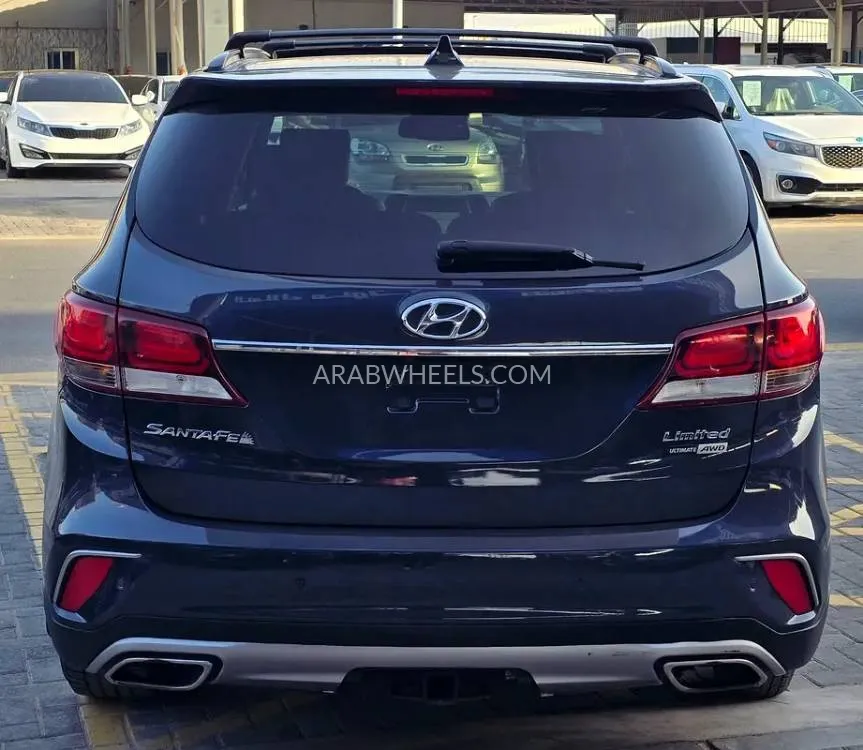 Hyundai Grand Santa Fe 2017 for Sale in Ajman Image-3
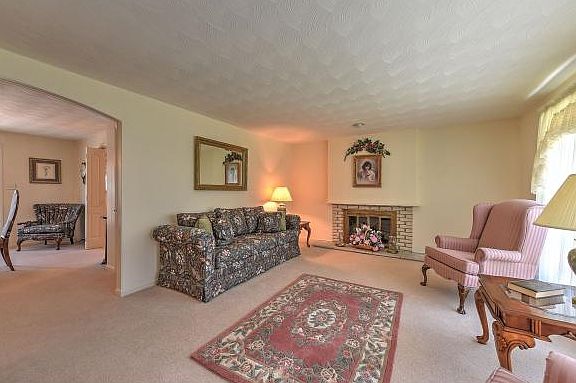 5th image of 16223 Mary St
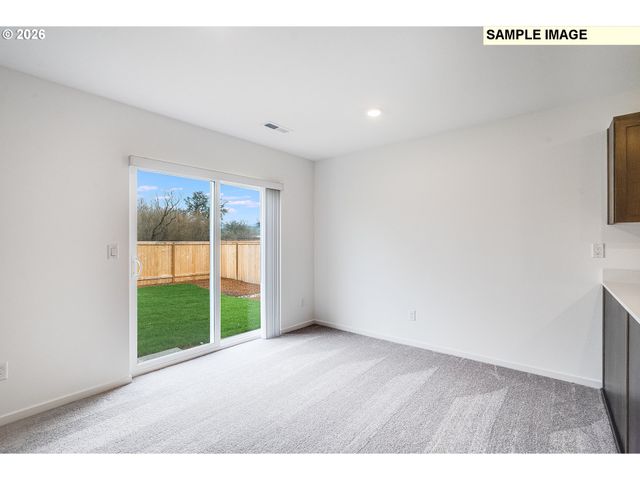 5766 Bainbridge Rd, Eugene, OR 97402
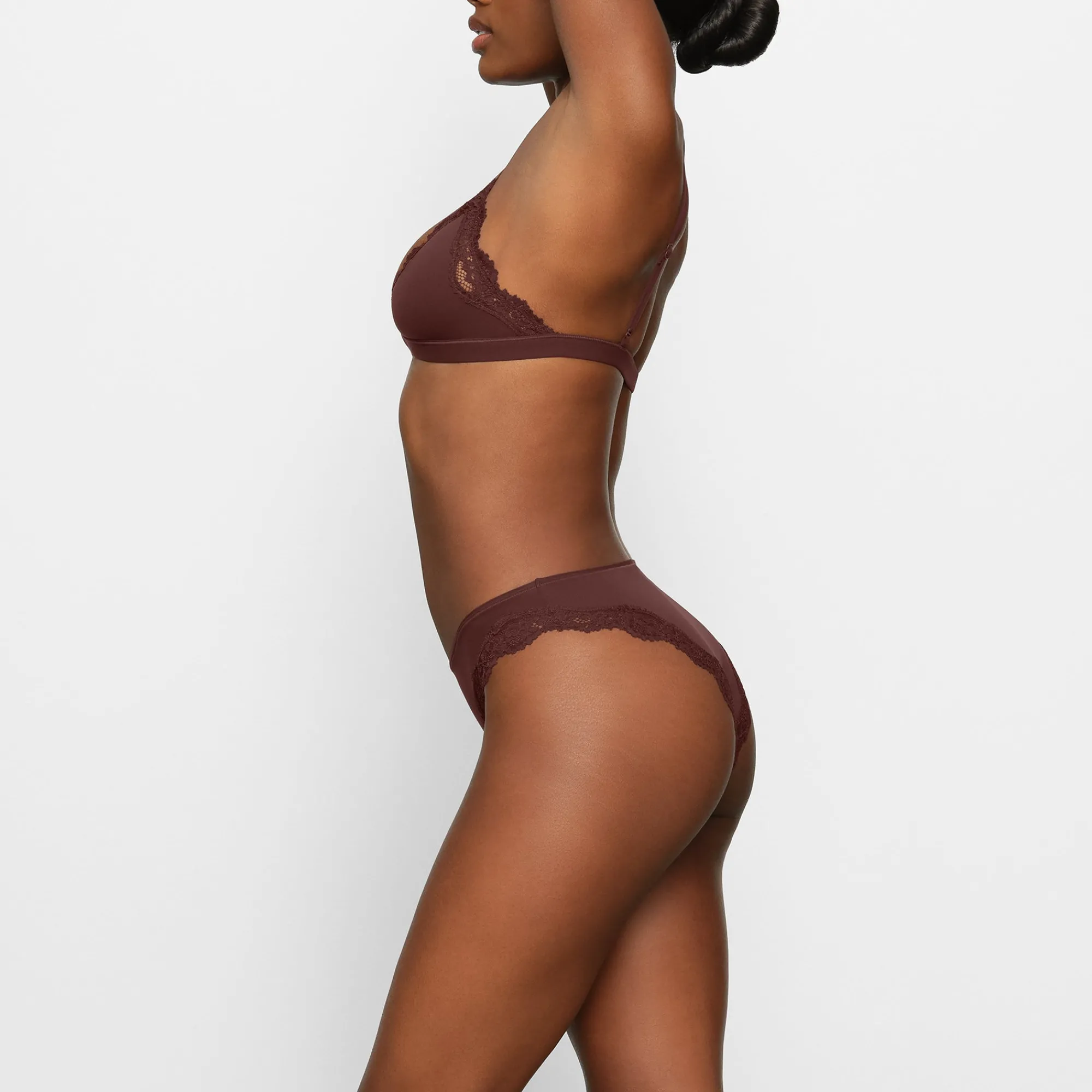 FITS EVERYBODY CORDED LACE TANGA |-Skims New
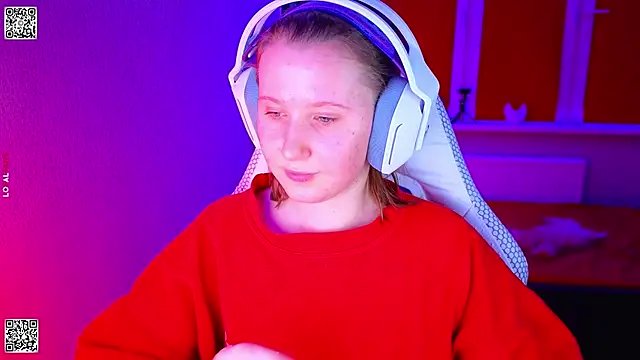 mon lola online show from December 2, 2025, 4:57 pm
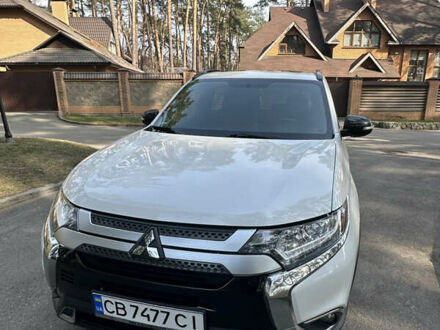 Мицубиси Аутлендер 2018 в Чернигове на Automoto.ua Белый Мицубиси Аутлендер, объемом двигателя 2.36 л и пробегом 114 тыс. км за 17200 $, фото 1 на Automoto.ua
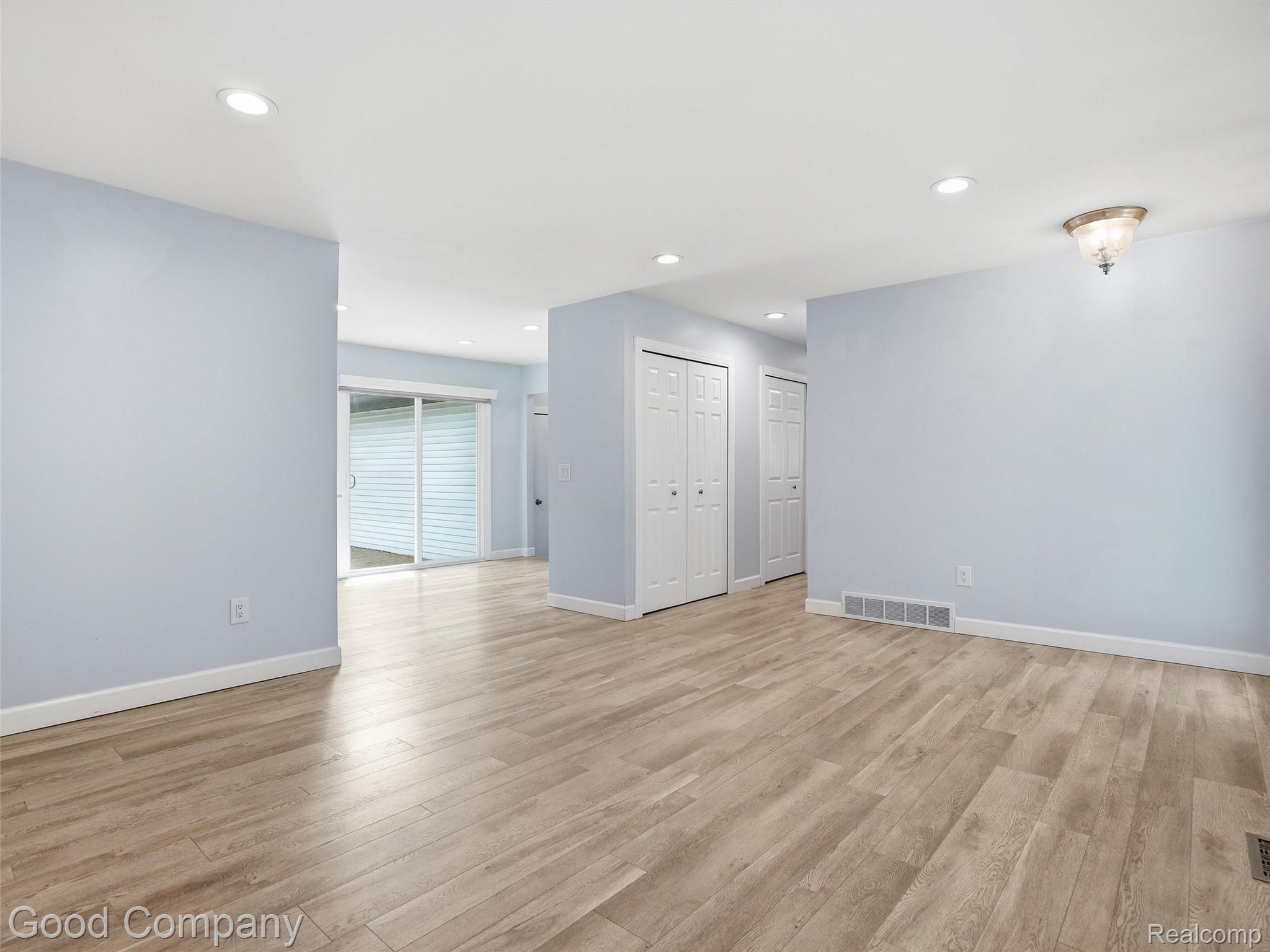 2793 Weaverton Rochester, MI 48307 - Photo 6 of 32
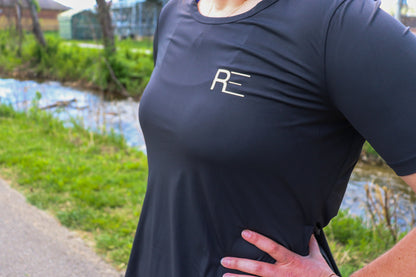 Scoop Neck Split Training Tee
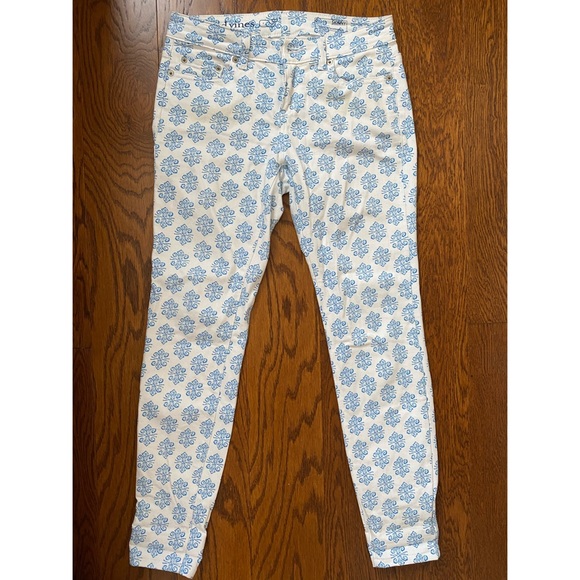 Vineyard Vines Denim - Vineyard Vines size 2 blue and white skinny jeans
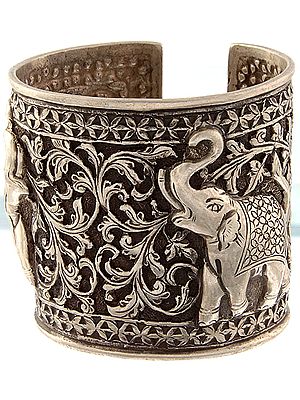 Nepalese Superfine Handcarved Twin Elephant Cuff Bangle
==================================================
# [Directions]
Reproduce exactly the lines from the beginning of the material down to the line containing "Мицубиси Аутлендер 2018", both ends included, but not the pictures or anything after.

# [The completed task]
 Hyundai Grand Santa Fe 2017 for Sale in Ajman Image-3
 5th image of 16223 Mary St
 5766 Bainbridge Rd, Eugene, OR 97402
 FITS EVERYBODY CORDED LACE TANGA |-Skims New
 mon lola online show from December 2, 2025, 4:57 pm
 Мицубиси Аутлендер 2018 в Чернигове на Automoto.ua Белый Мицубиси Аутлендер, объемом двигателя 2.36 л и пробегом 114 тыс. км за 17200 $, фото 1 на Automoto.ua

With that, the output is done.